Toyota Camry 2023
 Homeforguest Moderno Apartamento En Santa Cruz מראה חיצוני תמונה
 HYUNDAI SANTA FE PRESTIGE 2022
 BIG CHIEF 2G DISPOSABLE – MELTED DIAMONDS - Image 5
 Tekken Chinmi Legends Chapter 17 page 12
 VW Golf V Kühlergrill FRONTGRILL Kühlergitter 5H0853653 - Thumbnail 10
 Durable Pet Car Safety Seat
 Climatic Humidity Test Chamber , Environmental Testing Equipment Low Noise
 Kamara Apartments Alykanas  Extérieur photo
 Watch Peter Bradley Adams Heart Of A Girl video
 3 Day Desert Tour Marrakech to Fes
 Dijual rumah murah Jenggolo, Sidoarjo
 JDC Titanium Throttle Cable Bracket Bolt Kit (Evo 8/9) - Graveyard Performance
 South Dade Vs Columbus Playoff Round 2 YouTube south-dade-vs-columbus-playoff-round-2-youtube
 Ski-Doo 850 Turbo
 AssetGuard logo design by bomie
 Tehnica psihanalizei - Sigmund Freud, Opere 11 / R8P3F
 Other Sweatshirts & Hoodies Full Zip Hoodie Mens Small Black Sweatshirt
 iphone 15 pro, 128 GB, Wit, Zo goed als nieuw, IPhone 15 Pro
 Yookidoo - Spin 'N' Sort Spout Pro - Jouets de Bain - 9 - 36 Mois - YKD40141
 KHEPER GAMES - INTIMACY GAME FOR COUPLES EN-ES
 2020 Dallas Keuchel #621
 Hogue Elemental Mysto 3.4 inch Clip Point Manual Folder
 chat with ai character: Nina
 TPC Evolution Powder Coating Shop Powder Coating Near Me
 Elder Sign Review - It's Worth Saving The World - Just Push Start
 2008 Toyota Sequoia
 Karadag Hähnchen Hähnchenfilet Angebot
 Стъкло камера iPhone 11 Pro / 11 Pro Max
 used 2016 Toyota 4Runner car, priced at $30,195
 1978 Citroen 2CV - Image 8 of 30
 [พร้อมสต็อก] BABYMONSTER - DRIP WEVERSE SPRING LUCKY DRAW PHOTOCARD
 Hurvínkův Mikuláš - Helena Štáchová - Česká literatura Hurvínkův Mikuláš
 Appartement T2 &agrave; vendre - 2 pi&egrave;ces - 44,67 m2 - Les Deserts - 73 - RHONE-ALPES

|---|

• What you will do: Quote exactly the lines running from the start of the listing above through the line where "Tehnica psihanalizei - Sigmund" is found, and output no other lines.

• Task result:
Toyota Camry 2023
 Homeforguest Moderno Apartamento En Santa Cruz מראה חיצוני תמונה
 HYUNDAI SANTA FE PRESTIGE 2022
 BIG CHIEF 2G DISPOSABLE – MELTED DIAMONDS - Image 5
 Tekken Chinmi Legends Chapter 17 page 12
 VW Golf V Kühlergrill FRONTGRILL Kühlergitter 5H0853653 - Thumbnail 10
 Durable Pet Car Safety Seat
 Climatic Humidity Test Chamber , Environmental Testing Equipment Low Noise
 Kamara Apartments Alykanas  Extérieur photo
 Watch Peter Bradley Adams Heart Of A Girl video
 3 Day Desert Tour Marrakech to Fes
 Dijual rumah murah Jenggolo, Sidoarjo
 JDC Titanium Throttle Cable Bracket Bolt Kit (Evo 8/9) - Graveyard Performance
 South Dade Vs Columbus Playoff Round 2 YouTube south-dade-vs-columbus-playoff-round-2-youtube
 Ski-Doo 850 Turbo
 AssetGuard logo design by bomie
 Tehnica psihanalizei - Sigmund Freud, Opere 11 / R8P3F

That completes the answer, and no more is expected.